E o que acontece então no mercado de trabalho? Ou essas mulheres desistem de ter filhos, casar e ficam voltadas unicamente à profissão o que lhe trará, futuramente, ou felicidade extrema ou incertezas (maternidade é só uma delas). Ou estão tentando equilibrar os inúmeros papeis. E é nesse equilibrar que elas dizem não às lideranças porque terão mais serviço, responsabilidade e menos tempo para as demais funções.

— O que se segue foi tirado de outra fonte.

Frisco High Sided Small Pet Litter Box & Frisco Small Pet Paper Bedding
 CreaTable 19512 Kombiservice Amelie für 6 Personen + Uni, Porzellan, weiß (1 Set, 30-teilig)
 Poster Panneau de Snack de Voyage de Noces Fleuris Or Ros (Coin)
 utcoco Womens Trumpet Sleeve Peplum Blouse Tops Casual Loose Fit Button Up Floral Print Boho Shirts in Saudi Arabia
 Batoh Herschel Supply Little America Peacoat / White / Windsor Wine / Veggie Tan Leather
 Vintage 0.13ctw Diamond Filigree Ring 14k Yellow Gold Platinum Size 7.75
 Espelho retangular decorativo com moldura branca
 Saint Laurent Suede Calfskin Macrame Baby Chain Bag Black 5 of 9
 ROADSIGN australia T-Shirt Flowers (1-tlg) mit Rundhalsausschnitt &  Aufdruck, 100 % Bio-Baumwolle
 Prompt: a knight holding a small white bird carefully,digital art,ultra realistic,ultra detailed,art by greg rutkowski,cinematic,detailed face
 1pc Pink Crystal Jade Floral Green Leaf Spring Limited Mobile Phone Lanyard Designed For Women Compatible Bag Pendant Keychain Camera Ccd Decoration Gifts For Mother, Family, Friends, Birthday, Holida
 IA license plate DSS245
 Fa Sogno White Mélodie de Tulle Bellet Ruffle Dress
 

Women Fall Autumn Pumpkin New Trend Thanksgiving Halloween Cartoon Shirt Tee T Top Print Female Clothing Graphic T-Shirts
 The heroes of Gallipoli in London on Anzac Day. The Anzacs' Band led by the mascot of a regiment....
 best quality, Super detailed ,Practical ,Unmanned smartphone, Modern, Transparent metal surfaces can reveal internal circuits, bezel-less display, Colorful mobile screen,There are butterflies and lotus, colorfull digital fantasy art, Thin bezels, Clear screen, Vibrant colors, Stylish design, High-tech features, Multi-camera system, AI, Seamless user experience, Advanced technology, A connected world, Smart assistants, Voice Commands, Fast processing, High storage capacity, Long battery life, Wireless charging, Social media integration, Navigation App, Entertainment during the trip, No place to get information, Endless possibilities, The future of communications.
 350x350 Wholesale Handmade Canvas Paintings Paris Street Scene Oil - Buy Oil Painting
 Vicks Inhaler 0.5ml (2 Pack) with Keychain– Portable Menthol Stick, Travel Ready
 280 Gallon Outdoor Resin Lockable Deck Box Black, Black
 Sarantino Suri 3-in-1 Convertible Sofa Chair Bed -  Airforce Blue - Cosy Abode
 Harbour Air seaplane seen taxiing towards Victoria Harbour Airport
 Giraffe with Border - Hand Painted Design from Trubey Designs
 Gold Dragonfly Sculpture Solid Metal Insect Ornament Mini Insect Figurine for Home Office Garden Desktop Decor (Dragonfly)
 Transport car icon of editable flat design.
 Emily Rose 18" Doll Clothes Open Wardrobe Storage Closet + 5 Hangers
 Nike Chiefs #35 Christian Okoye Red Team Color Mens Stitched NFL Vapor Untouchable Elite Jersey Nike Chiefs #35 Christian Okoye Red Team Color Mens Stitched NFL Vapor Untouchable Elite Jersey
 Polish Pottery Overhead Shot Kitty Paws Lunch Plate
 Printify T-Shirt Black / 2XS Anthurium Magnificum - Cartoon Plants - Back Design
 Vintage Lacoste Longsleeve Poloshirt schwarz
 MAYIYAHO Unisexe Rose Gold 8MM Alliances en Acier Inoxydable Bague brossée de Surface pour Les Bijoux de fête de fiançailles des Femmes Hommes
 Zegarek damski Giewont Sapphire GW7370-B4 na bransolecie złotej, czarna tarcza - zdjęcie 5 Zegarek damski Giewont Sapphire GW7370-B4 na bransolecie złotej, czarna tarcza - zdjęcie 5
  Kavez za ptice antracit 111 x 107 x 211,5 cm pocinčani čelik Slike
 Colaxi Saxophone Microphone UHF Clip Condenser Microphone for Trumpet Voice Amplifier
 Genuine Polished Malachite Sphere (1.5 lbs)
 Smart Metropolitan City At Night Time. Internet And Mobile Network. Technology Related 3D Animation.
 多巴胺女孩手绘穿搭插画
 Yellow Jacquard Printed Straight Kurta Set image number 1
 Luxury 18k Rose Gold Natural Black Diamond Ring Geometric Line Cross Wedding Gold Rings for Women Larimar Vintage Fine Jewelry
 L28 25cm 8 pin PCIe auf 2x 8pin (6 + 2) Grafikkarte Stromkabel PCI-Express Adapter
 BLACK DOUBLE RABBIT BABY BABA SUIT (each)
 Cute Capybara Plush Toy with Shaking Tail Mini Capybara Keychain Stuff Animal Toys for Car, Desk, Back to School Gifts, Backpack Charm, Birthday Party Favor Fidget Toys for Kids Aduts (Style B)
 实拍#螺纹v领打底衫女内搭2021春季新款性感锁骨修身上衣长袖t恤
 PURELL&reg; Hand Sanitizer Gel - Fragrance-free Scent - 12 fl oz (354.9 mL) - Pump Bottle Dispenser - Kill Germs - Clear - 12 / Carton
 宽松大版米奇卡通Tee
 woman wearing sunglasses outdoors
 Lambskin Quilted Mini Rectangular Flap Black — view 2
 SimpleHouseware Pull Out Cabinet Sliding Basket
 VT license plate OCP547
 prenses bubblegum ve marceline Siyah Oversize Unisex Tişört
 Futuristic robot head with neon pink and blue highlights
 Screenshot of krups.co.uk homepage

Liderar não é só uma questão profissional individual. Liderar é saber o papel social desta empresa no suporte destas mulheres. Como dar apoio à gestação, amamentação, suporte domiciliar, rede de prestadores de serviços e horário flexível? Vai marcar palestra para uma mãe que amamenta em outro estado? Pague um acompanhante para cuidar de seu bebê.  Quer que ela trabalhe tranquila? Crie um coworking com serviço de pajens e professoras. E aqui não estou isentando o Estado de começar a preparar uma nova realidade a estas mulheres ainda neste século (mas vamos combinar que o estado brasileiro pune as mulheres que trabalham com falta de creches, ensino público precário, mobilidade zero). 

Mas, você poderia me dizer: custa caro, então é melhor contratar só homens. Vixe, se vocês são como eu e tentam contratar profissionais já sabem: as mulheres tão dando de lavada nos profissionais masculinos. E, para mantê-las, é preciso mudar toda essa estrutura.  

O quadro vai ser pior nos próximos dez anos. A geração Z não quer trabalhar tanto, não quer se dedicar só a uma empresa e tem outras prioridades, como ter mais experiências e menos bens materiais. Desta forma, estão se isentando de construir patrimônio, de ter uma vida caríssima que lhe custem a saúde física e a sanidade mental. Minha filha de 21 anos tem me ensinado muito. Já no mercado, ela tem certeza de que irá trabalhar dez anos e depois irá empreender. “Quando me tornar mãe, nascerá uma empreendedora porque não vou abrir mão de outras áreas da minha felicidade.”       

Não são as mulheres que devem se encaixar. São as empresas que precisam nos fazer mais felizes.